The MMU consists of a context register, a segment map and a page map. Virtual addresses from the CPU are translated into intermediate addresses by the segment map, which in turn are translated into physical addresses by the page map. The page size is 2 KB and the segment size is 32 KB which gives 16 pages per segment. Up to 16 contexts can be mapped concurrently. The maximum logical address space for a context is 1024 pages or 2 MB. The maximum physical address that can be mapped simultaneously is also 2 MB.

The context register is important in a multitasking operating system because it allows the CPU to switch between processes without reloading all the translation state information. The 4-bit context register can switch between 16 sections of the segment map under supervisor control, which allows 16 contexts to be mapped concurrently. Each context has its own virtual address space. Sharing of virtual address space and inter-context communications can be provided by writing the same values into the segment or page maps of different contexts. Additional contexts can be handled by treating the segment map as a context cache and replacing out-of-date contexts on a least-recently used basis.

The context register makes no distinction between user and supervisor states. Interrupts and traps do not switch contexts, which requires that all valid interrupt vectors always be mapped in page 0 of context, as well as the valid supervisor stack.

The Sun-2 workstations are similar; they are built around the Motorola 68010 microprocessor and have a similar memory management unit, with 2 KB pages and 32 KB segments. The context register has a 3-bit system context used in supervisor state and a 3-bit user context used in user state.

The Sun-3 workstations, except for the Sun-3/80, Sun-3/460, Sun-3/470, and Sun-3/480, are built around the Motorola 68020, and have a similar memory management unit. The page size is increased to 8 KB. (The later models are built around the Motorola 68030 and use the 68030's on-chip MMU.)

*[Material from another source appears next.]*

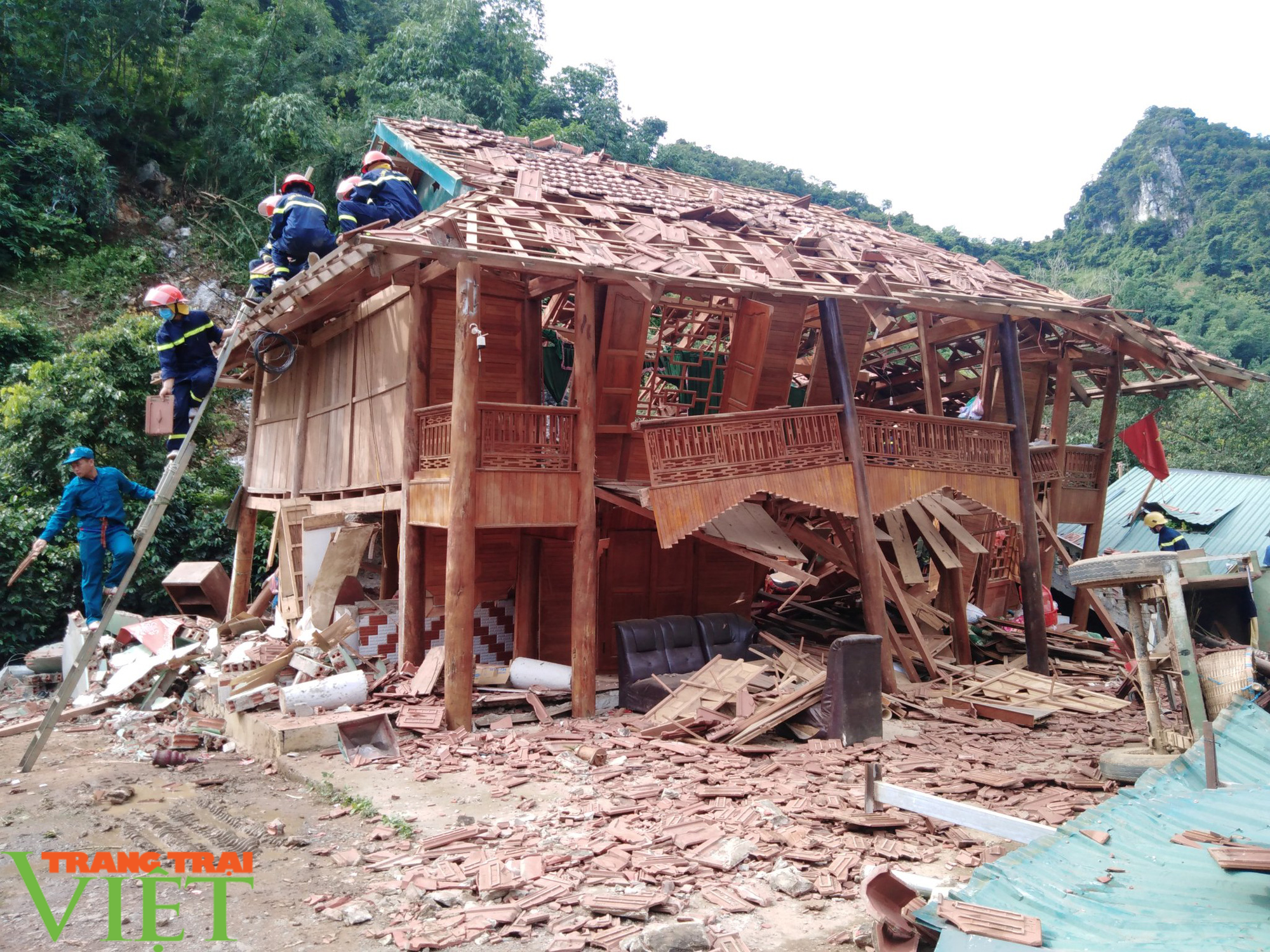 Thành phố Sơn La: Phòng chống nguy cơ đá lăn trước mùa mưa, lũ - Ảnh 1.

The Sun-4 workstations are built around various SPARC microprocessors, and have a memory management unit similar to that of the Sun-3 workstations.

=== PowerPC ===

In PowerPC G1, G2, G3, and G4 pages are normally 4 KB. After a TLB miss, the standard PowerPC MMU begins two simultaneous lookups. One lookup attempts to match the address with one of four or eight data block address translation (DBAT) registers, or four or eight instruction block address translation registers (IBAT), as appropriate. The BAT registers can map linear chunks of memory as large as 256 MB, and are normally used by an OS to map large portions of the address space for the OS kernel's own use. If the BAT lookup succeeds, the other lookup is halted and ignored.

The other lookup, not directly supported by all processors in this family, is via a so-called inverted page table, which acts as a hashed off-chip extension of the TLB. First, the top four bits of the address are used to select one of 16 segment registers. Then 24 bits from the segment register replace those four bits, producing a 52-bit address. The use of segment registers allows multiple processes to share the same hash table.

The 52-bit address is hashed, then used as an index into the off-chip table. There, a group of eight-page table entries is scanned for one that matches. If none match due to excessive hash collisions, the processor tries again with a slightly different hash function. If this, too, fails, the CPU traps into OS (with MMU disabled) so that the problem may be resolved. The OS needs to discard an entry from the hash table to make space for a new entry. The OS may generate the new entry from a more normal tree-like page table or from per-mapping data structures, which are likely to be slower and more space-efficient. Support for no-execute control is in the segment registers, leading to 256 MB granularity.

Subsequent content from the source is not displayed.